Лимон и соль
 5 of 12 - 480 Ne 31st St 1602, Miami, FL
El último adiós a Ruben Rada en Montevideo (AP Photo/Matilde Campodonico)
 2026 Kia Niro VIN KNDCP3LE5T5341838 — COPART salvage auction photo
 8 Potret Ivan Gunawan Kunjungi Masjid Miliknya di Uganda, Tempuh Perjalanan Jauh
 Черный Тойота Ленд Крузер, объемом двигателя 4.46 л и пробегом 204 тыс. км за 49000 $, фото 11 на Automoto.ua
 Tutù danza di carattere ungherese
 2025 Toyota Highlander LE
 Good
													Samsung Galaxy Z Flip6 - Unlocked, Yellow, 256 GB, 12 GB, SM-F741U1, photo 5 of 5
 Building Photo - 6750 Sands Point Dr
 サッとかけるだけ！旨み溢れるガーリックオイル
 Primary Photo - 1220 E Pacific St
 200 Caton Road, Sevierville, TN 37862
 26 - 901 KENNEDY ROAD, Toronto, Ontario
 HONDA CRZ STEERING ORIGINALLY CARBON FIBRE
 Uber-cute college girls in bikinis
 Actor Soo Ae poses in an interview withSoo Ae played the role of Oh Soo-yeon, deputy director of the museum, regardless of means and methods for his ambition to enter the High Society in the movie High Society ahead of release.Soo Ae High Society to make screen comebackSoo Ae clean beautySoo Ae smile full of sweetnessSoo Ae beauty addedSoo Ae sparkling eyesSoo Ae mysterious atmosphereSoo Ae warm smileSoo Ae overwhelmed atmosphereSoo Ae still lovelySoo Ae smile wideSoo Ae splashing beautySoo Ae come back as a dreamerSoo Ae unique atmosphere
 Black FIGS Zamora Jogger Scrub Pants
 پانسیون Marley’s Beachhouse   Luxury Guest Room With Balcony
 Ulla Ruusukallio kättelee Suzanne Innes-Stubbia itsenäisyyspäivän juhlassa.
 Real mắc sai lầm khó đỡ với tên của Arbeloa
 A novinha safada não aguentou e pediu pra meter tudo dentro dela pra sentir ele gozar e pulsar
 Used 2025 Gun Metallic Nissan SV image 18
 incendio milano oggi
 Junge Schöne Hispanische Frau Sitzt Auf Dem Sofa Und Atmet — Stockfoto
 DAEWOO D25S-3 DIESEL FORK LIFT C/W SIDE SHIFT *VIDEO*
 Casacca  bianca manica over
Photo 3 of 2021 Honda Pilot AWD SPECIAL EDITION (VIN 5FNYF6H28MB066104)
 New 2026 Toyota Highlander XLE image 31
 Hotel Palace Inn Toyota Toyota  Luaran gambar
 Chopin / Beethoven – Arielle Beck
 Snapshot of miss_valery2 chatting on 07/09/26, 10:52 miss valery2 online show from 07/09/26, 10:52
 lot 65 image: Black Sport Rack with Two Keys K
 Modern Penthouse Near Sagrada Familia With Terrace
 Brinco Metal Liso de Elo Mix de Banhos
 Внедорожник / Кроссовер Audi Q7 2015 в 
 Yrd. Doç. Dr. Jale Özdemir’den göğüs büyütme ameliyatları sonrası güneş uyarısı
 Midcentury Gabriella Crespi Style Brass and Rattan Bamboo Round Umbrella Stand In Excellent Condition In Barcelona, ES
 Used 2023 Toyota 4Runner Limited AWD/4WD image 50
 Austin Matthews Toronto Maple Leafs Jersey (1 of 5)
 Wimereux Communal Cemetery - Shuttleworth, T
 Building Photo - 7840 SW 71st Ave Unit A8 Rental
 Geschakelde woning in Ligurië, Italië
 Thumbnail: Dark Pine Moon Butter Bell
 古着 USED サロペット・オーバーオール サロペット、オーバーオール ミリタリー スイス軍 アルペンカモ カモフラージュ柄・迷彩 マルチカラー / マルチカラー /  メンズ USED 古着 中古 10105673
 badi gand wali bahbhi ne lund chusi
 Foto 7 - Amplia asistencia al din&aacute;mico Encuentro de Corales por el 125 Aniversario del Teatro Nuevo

════════

The line with "8 Potret Ivan" is the last to include; transcribe exactly every line from the top of the material above down to it.

▶ **Response to this task**:
Лимон и соль
 5 of 12 - 480 Ne 31st St 1602, Miami, FL
El último adiós a Ruben Rada en Montevideo (AP Photo/Matilde Campodonico)
 2026 Kia Niro VIN KNDCP3LE5T5341838 — COPART salvage auction photo
 8 Potret Ivan Gunawan Kunjungi Masjid Miliknya di Uganda, Tempuh Perjalanan Jauh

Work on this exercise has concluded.